Tips for a Mature Student

28 / 10 / 18

I decided to come back and embark on the Accelerated LLB at the age of 25, comfortably in the mature student category.  While I was chomping at the bit to get back into studying I was more than a little anxious about how I was going to settle in.  How much common ground would I be able to find with the teenage majority of my class?  In the first lecture of the year this concern seemed to be justified.  The girls in the row in front of me were getting to know each other by asking what grades they had all achieved in their highers. It strikes me that my answer to that question would be “I can’t really remember.
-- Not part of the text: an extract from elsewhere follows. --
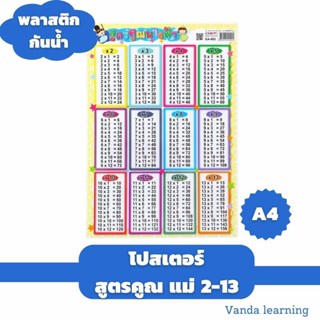 โปสเตอร์สูตรคูณ แม่ 2-13 ขนาด A4 เป็นพลาสติกกันน้ำ EA-352 Vanda Learning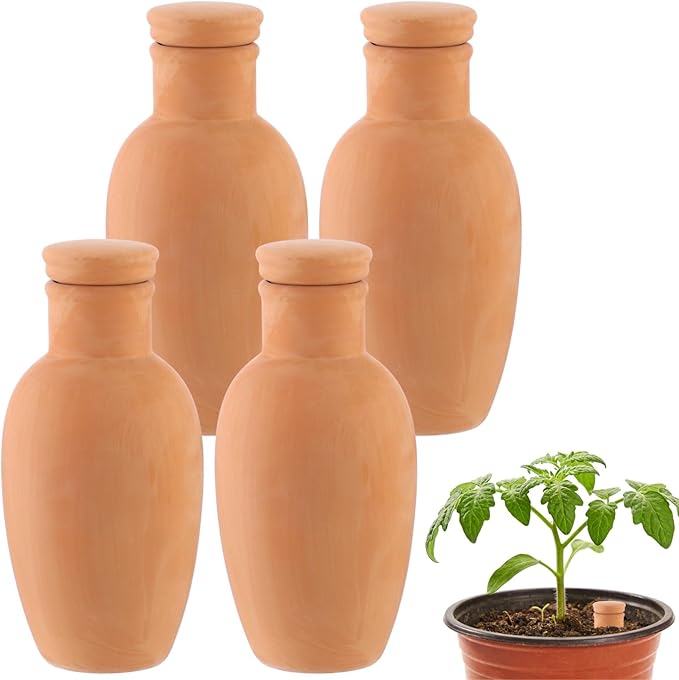 4 Pcs Terracotta Watering Pots, 15 Oz Olla Self Watering Pots, Planter Insert Self Drip Irrigation Terracotta Globes for Indoor Outdoor Garden Plant, Balcony, Automatic Drip Irrigation System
I sat them before Obama was elected”.

The reality is that most of these kids are, like you, serious about doing as well as possible in their studies and I now have a number I would call good friends, despite the fact they call me (affectionately?) ‘Dad’.  However, it is perfectly understandable that a mature student in their late 20’s or older might not want to hang out with these youngsters all the time, either socially, or studying and working together. Therefore, my first tip for mature students would be to find the others!  While we are in the minority, there are always a number of others dotted across the course.  I was lucky enough to meet a couple of the other accelerated students quite by chance almost as soon as I arrived in Dundee and before long we had made been successful in tracking the others down.  No matter how studious or organised you believe you have become over the years, it is very challenging to get through a law degree completely on your own. Having a group of like-minded students around you might be what gets you through.

 

For the most part, the work isn’t the problem.  As a mature student with a bit more life experience you are perhaps better at time management, you start your assignments earlier, you are less likely to sleep till 1pm on a weekday.  Don’t get me wrong, the content is as new and as challenging to mature students as it is to everyone else but your advanced years have left you with a degree of composure.  You don’t get quite so flustered as deadlines pile up (this might not be true 100% of the time).

 

What you might not be prepared for as a mature student, and as an accelerated student in particular, is quite how quickly you need to start preparing for life after your degree.  Your younger classmates have the luxury of taking a couple of years to decide what they are interested in. If you want to be a solicitor on completion of the Accelerated LLB, you have no such luxury.  A number of firms recruit trainees two years ahead of time so my second piece of advice, aimed at accelerated students, is start looking at the kind of firms you want to work for now.  Applications for summer placements at a number of firms close in December and January, so the clock is already ticking.

 

My third piece of advice is to remember to enjoy your time at university.  Mature student or not, university life provides experiences that life after study will not.  There are sports teams and societies that are open to all.  Of course this depends on what kind of mature student you are.  If you have two kids to look after alongside your studies then your ability to contribute to the mooting society might be limited.  Speaking from experience I can say that becoming an active member of the Law Society has helped me develop good relationships and settle into life at university.